Не лучшие результаты, чем война на континенте, дала и война с пиратами, начавшаяся одновременно с первой и постоянно находившаяся с ней в тесной связи. Выше уже рассказывалось, что сенат принял в 680 г. [74 г.] правильное решение поручить очистку морей от корсаров одному адмиралу с правами главнокомандующего, а именно, претору Марку Антонию. Но с самого начала была сделана ошибка в выборе начальника, или, вернее, те, кто провел эту целесообразную меру, не учли, что в сенате все персональные вопросы решались под влиянием Цетега и подобных партийных интересов.

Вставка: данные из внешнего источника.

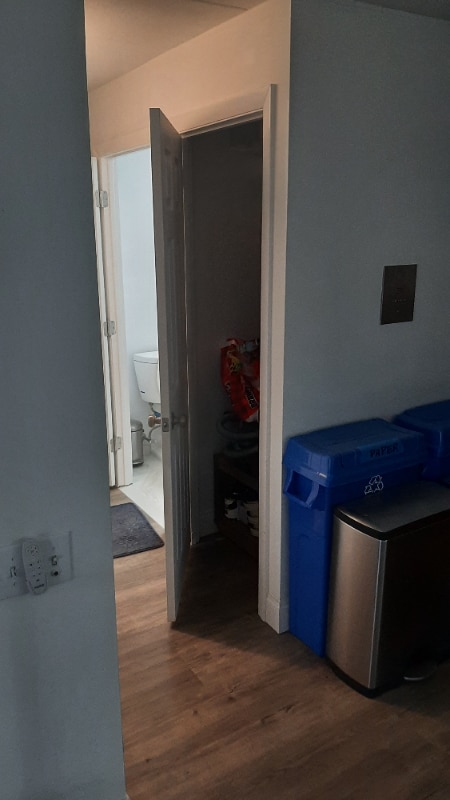 Building Photo - 25 Homer Ave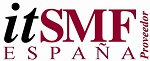itSMF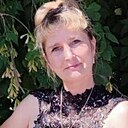 Ксения, 45 лет
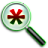 ��ҳ����鿴����-һ���һ���ҳ����v3.2.0 �ٷ�����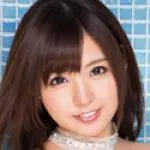 「彩乃なな」の画像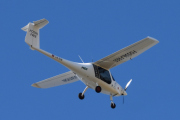 Flydagen Hamar LN-ELB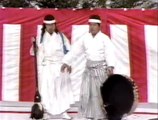加トちゃんケンちゃん爆笑コント  (1989)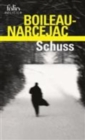 Image for Schuss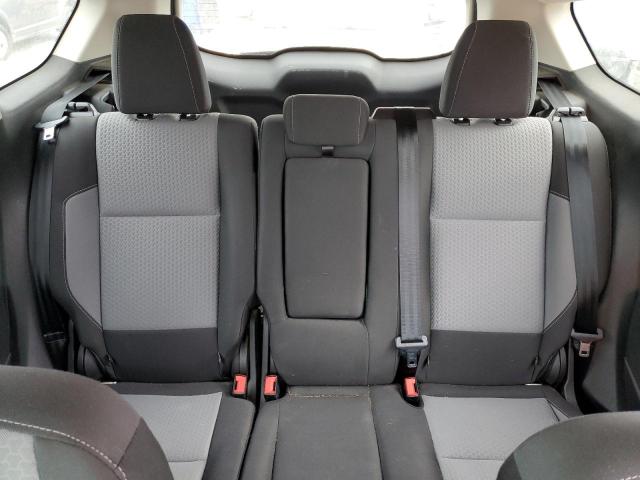 1FMCU0GD2KUC03067 Ford ESCAPE SE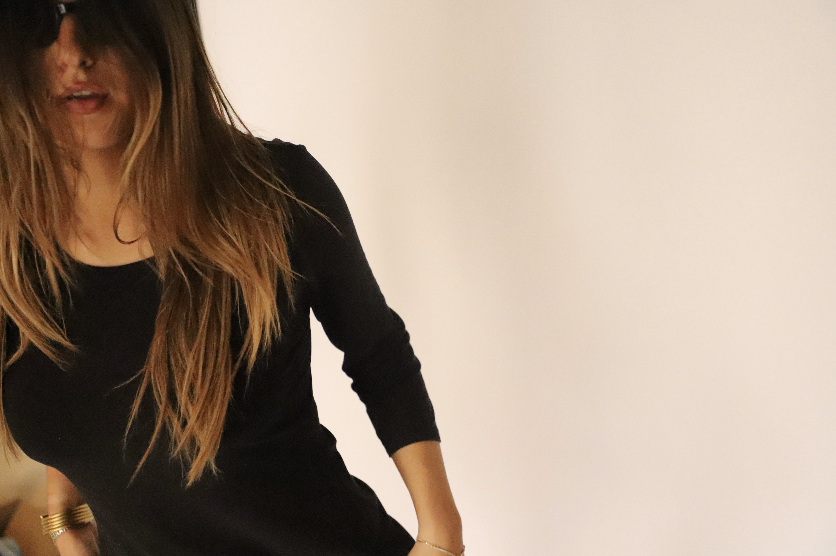 Screenshot 2026-03-12 at 7.59.25 PM.png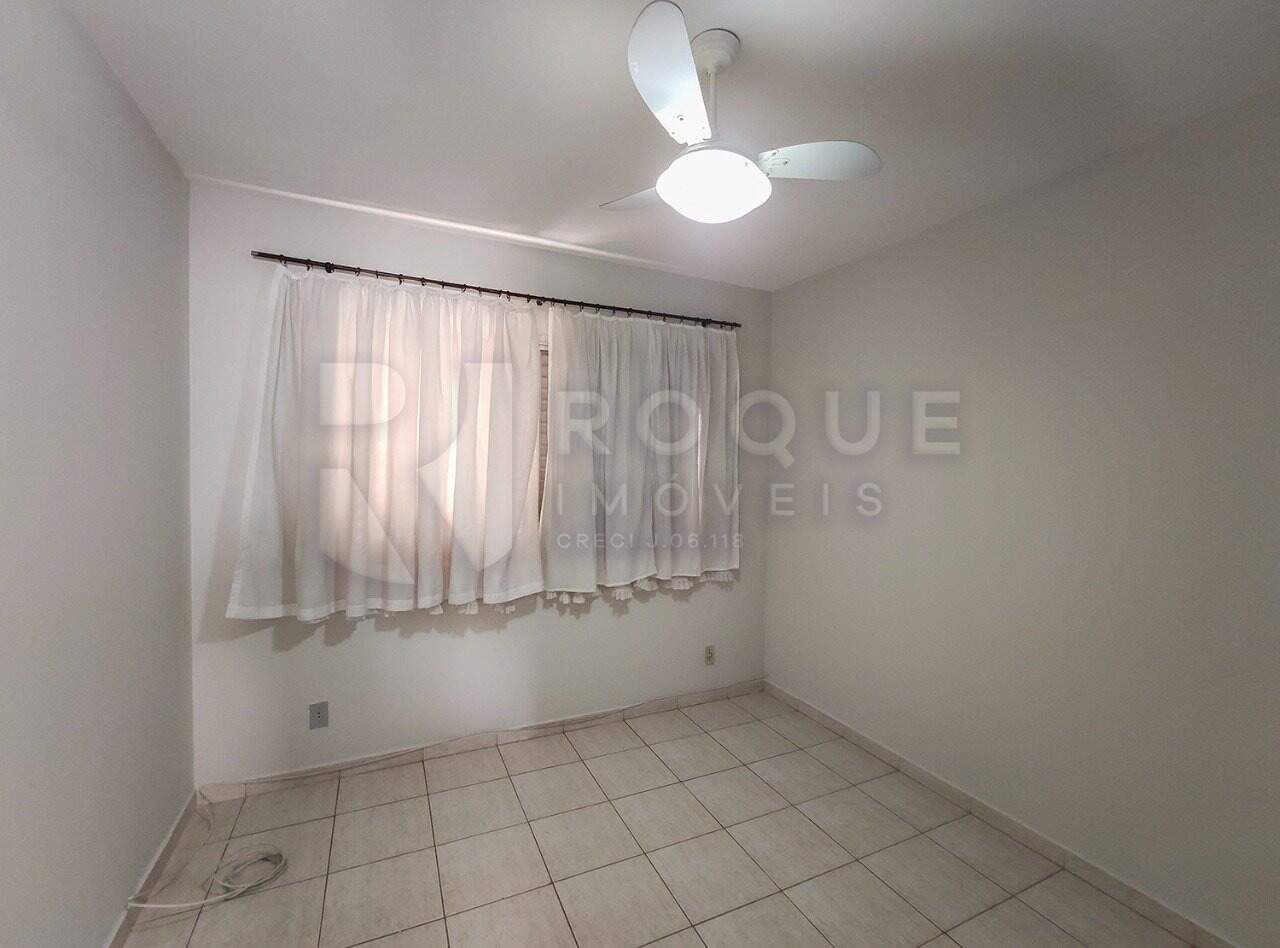 Apartamento para aluguel no bairro Centro: Dormitório 1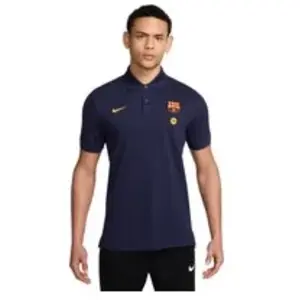 Comparateur de prix : Nike Maillot FC Barcelone Slim 2.0 2025/26 Violet S HJ6272-597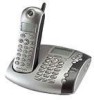 Get Motorola MD481 - Digital Cordless Phone PDF manuals and user guides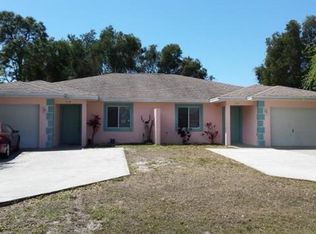 5113 24th St SW, Lehigh Acres, FL 33973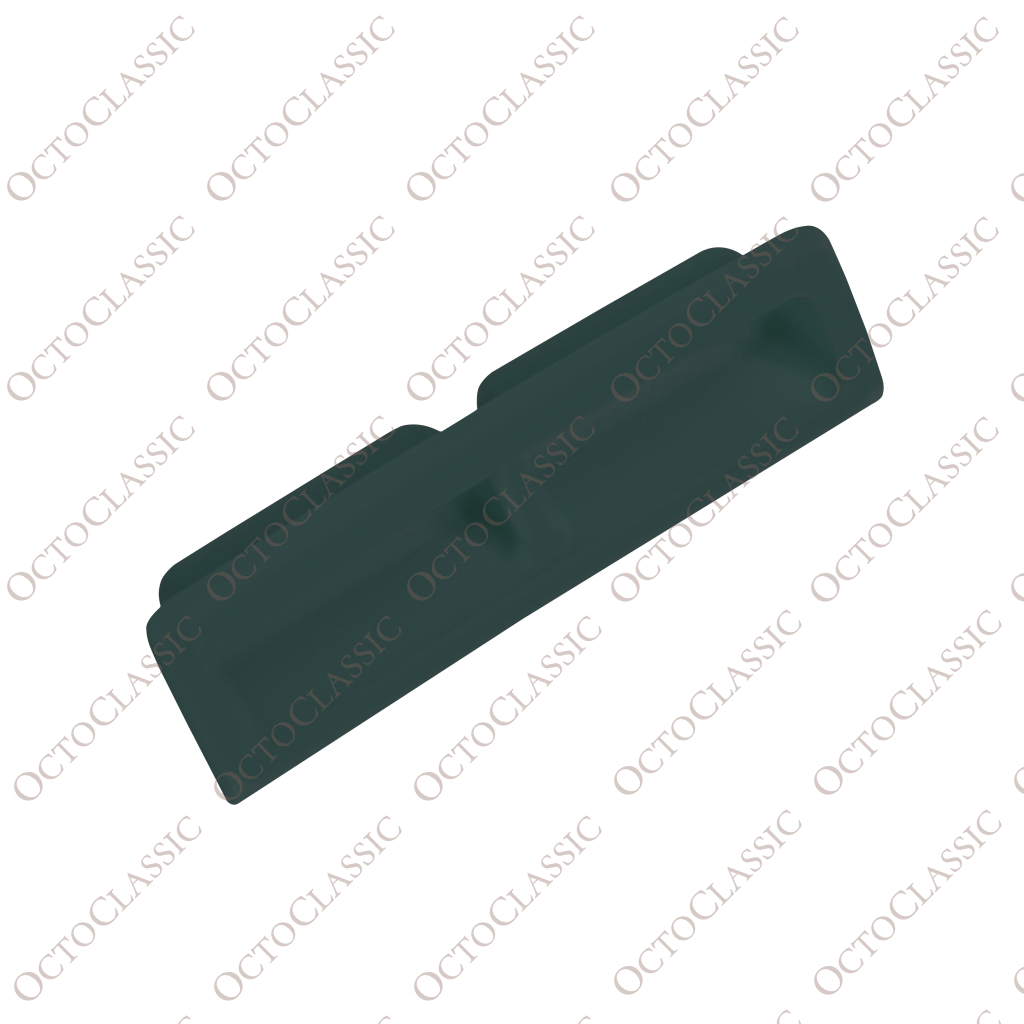 R129 Klamka dachu składanego Soft Top (Mercedes 1297780055) R129 Klamka dachu składanego Soft Top (Mercedes 1297780055)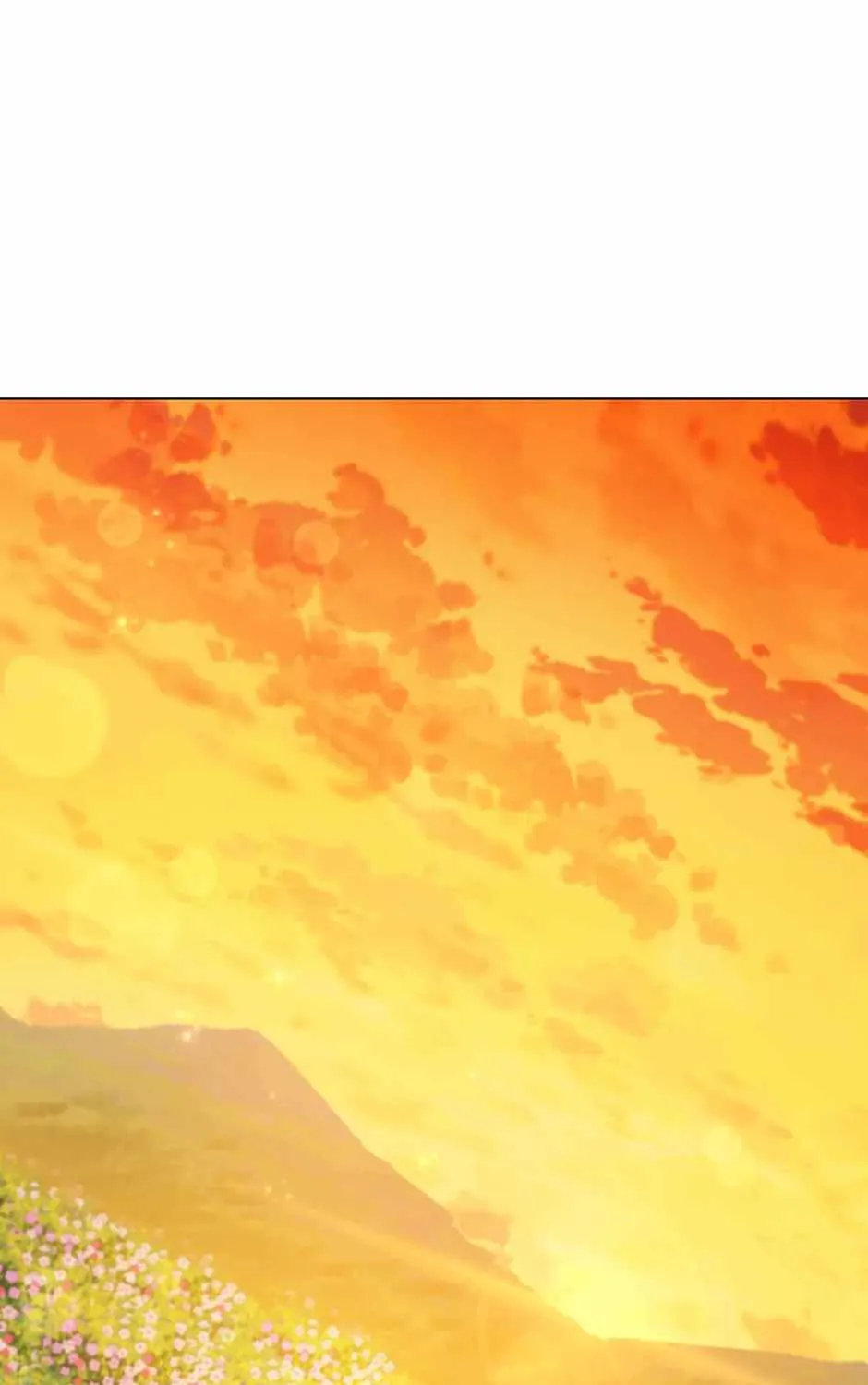 Dr. Choi Tae-Soo Chapter 238 page 198 - 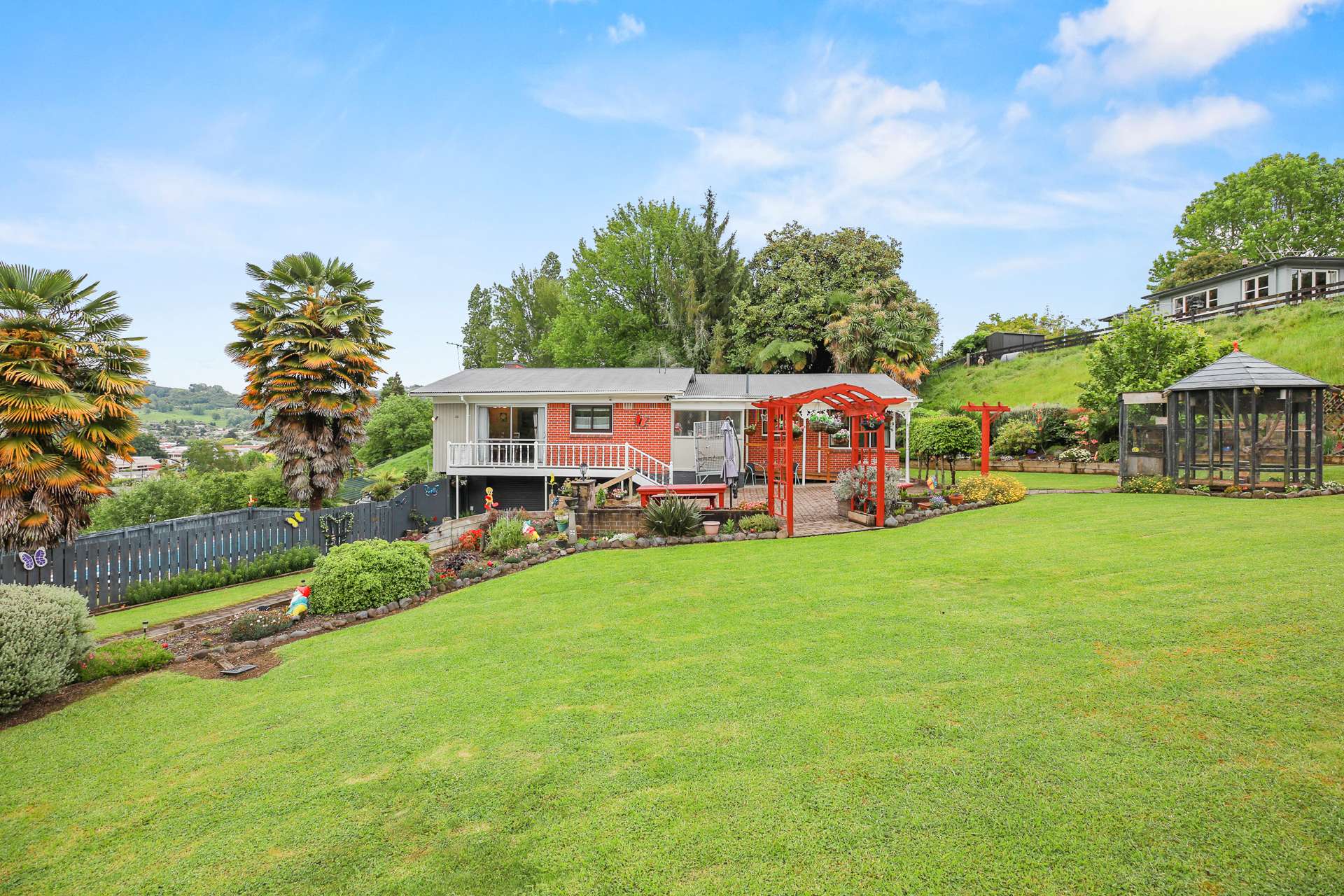 23 Rata Street Te Kuiti_0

Далее, избранный адмирал не был обеспечен соответствующим его обширной задаче количеством денег и судов, так что своими тяжелыми реквизициями он стал почти так же невыносим для дружественных провинциалов, как и корсары. Все это, конечно, сказалось на результатах. В кампанских водах флот Антония захватил несколько пиратских судов. С критянами же, вступившими с пиратами в дружбу и союз и резко отклонившими требование Антония отказаться от этого союза, дело дошло до сражения, и цепи, которые Антоний предусмотрительно держал в запасе на своих судах, чтобы заковывать пленных корсаров, послужили для того, чтобы приковать квестора и других римских пленных к мачтам захваченных пиратами римских судов, когда критские полководцы Ласфен и Панар с торжеством возвращались в Кидонию после морского сражения, данного ими римлянам близ их острова. Истратив своим легкомысленным ведением войны громадные суммы и ничего не достигнув, Антоний умер в 683 г. [71 г.] на Крите. Частью неудачный исход этой экспедиции, частью дороговизна постройки флота, частью же нерасположение олигархии к расширению компетенции должностных лиц были причиной того, что после фактического окончания экспедиции вследствие смерти Антония не был назначен новый адмирал и каждому наместнику было по-прежнему предоставлено заботиться о подавлении пиратства в своей провинции; таков был, например, построенный Лукуллом флот, действовавший в Эгейском море.